John F. Russell: Defining character on and off the green |

John F. Russell: Defining character on and off the green

Often times, high school athletes are defined by what they do in the heat of competition.

Fortunately, that’s not always the case.

Take the story of Steamboat Springs golfer Paul Berry and Fruita-Monument golfer Chace Nathe.

Their story begins where it ended – on the second hole of a playoff at the Tiara Rado Golf Course in Grand Junction last Tuesday. Sure, the golfers’ quest for the Warrior Classic tournament title was interesting, but it is what followed the playoff that speaks to the character of sports and the reason we all play the game.

Berry, Nathe and Basalt’s Jim Knous were tied at 72 after the first 18 holes. So the trio headed back out to settle the match. Knous bogeyed the first playoff hole and was eliminated. Nathe and Berry parred the hole to extend their match.

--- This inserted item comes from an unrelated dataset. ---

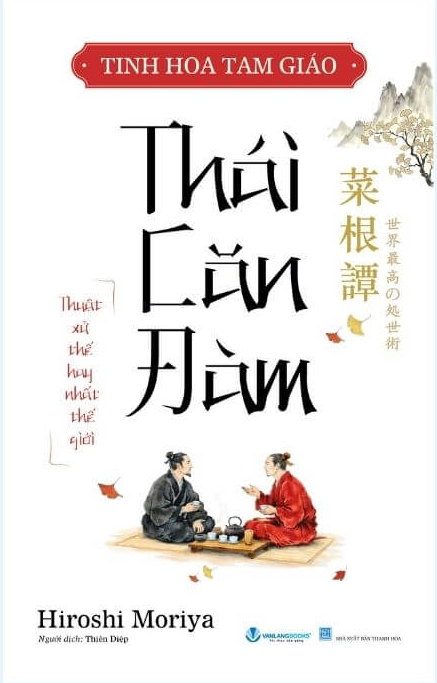 Tinh Hoa Tam Giáo: Thái Căn Đàm - Hiroshi Moriya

But like I said, this story is not limited to greens and fairways. It’s not important which golfer won. That’s because after tying again on the second playoff hole, Nathe and Berry agreed to end the match.

That day, Berry lugged his golf bag around 20 holes, but he understood that Nathe was carrying baggage heavier than all of his woods and irons combined.

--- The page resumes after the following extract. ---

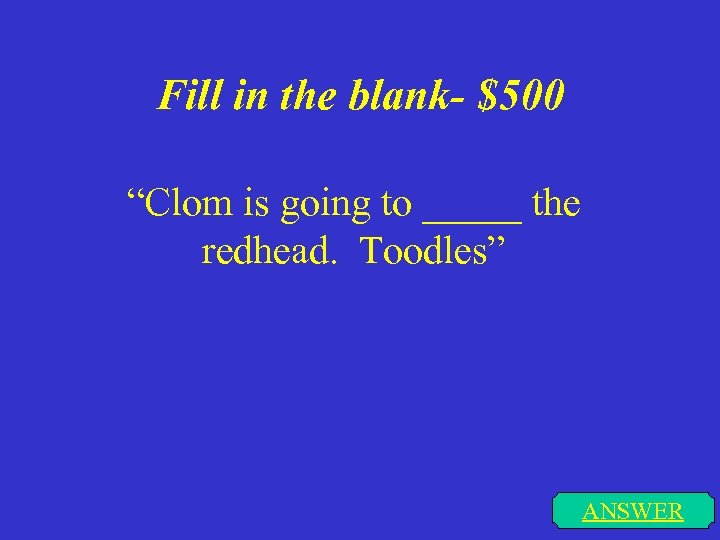 Fill in the blank- $500 “Clom is going to _____ the redhead. Toodles” ANSWER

You see, Nathe couldn’t have played a third playoff hole. He needed to leave. He was a pallbearer at the funeral of his best friend, Kyle Proust.

It was a moment that put the importance of the tournament in clear view. So often in our society the importance of high school sports – and winning – is blown out of proportion.

Many times, student athletes view success in terms of wins and losses. They put sports in front of nearly everything else in life – sometimes even in front of family and friends.

But not on this day.

Berry shook off the idea of a coin flip to decide the winner. And he wasn’t going to make Nathe concede the match because he had to leave.

Instead, the two players elected for a draw, and when the time came to hand out the first-place medal, Berry insisted that it be given to Nathe.

It was a small gesture, but it was a classy one.

On that day, Nathe was defined by his courage to carry on with life in the face of incredible sadness. Berry was defined by his compassion.

Berry’s actions last week will last longer than any tournament victory, or being named the best golfer on the Western Slope or winning a state title.

In a single moment of understanding, Berry made an impression that will last a lifetime. He represented the spirit of our community and a level of compassion we should all aspire to.